> _Source records_:
————

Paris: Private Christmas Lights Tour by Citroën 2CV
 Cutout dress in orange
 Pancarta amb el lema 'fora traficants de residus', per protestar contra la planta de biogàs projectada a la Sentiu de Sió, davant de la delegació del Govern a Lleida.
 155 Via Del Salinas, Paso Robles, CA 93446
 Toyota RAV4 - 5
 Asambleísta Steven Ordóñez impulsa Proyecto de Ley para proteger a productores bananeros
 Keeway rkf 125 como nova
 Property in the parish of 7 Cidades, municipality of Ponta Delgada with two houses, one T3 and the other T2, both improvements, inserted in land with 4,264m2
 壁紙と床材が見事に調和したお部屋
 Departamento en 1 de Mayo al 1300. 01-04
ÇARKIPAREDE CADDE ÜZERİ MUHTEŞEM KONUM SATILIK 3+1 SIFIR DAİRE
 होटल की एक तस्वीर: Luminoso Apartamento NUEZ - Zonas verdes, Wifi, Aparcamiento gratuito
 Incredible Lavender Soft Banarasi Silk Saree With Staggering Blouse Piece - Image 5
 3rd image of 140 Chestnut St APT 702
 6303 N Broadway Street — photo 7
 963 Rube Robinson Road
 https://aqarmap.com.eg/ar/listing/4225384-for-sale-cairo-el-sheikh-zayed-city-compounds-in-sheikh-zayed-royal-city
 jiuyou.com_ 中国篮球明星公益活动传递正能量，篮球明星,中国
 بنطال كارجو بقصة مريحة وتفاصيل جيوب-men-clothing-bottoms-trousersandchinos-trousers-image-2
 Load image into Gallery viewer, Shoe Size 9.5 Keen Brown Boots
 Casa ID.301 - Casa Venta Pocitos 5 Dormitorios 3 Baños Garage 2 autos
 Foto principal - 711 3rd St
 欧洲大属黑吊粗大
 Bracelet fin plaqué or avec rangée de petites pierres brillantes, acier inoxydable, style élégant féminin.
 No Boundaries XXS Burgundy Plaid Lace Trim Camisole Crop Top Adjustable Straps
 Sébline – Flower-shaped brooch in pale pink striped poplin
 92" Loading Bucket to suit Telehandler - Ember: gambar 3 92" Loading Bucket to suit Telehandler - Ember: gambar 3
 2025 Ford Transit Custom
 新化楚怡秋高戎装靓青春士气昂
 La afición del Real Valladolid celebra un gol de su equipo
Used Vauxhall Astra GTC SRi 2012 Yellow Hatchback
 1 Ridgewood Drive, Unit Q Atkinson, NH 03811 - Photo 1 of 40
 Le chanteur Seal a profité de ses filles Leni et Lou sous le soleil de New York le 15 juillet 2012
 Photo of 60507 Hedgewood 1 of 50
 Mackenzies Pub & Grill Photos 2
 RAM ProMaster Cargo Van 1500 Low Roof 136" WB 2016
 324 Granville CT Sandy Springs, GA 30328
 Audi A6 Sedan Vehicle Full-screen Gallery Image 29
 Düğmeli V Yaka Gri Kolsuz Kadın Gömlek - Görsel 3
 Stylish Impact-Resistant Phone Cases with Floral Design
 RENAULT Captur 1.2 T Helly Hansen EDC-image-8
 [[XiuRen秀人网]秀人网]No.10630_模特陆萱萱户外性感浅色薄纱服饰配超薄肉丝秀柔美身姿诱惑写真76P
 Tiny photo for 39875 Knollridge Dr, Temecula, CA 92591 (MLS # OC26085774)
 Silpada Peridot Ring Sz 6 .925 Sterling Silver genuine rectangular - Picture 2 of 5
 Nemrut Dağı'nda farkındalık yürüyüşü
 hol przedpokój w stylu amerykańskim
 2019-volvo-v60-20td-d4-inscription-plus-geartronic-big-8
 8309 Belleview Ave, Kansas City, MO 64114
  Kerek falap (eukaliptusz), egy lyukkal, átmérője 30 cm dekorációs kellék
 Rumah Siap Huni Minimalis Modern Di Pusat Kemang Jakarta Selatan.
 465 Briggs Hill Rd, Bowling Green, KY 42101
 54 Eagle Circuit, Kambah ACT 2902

————

> _Activity_: Retype exactly the span of lines from the one with "Load image into" through the one with "Le chanteur Seal"; include both ends and omit the rest of the material.

> _Answer to the exercise_:
 Load image into Gallery viewer, Shoe Size 9.5 Keen Brown Boots
 Casa ID.301 - Casa Venta Pocitos 5 Dormitorios 3 Baños Garage 2 autos
 Foto principal - 711 3rd St
 欧洲大属黑吊粗大
 Bracelet fin plaqué or avec rangée de petites pierres brillantes, acier inoxydable, style élégant féminin.
 No Boundaries XXS Burgundy Plaid Lace Trim Camisole Crop Top Adjustable Straps
 Sébline – Flower-shaped brooch in pale pink striped poplin
 92" Loading Bucket to suit Telehandler - Ember: gambar 3 92" Loading Bucket to suit Telehandler - Ember: gambar 3
 2025 Ford Transit Custom
 新化楚怡秋高戎装靓青春士气昂
 La afición del Real Valladolid celebra un gol de su equipo
Used Vauxhall Astra GTC SRi 2012 Yellow Hatchback
 1 Ridgewood Drive, Unit Q Atkinson, NH 03811 - Photo 1 of 40
 Le chanteur Seal a profité de ses filles Leni et Lou sous le soleil de New York le 15 juillet 2012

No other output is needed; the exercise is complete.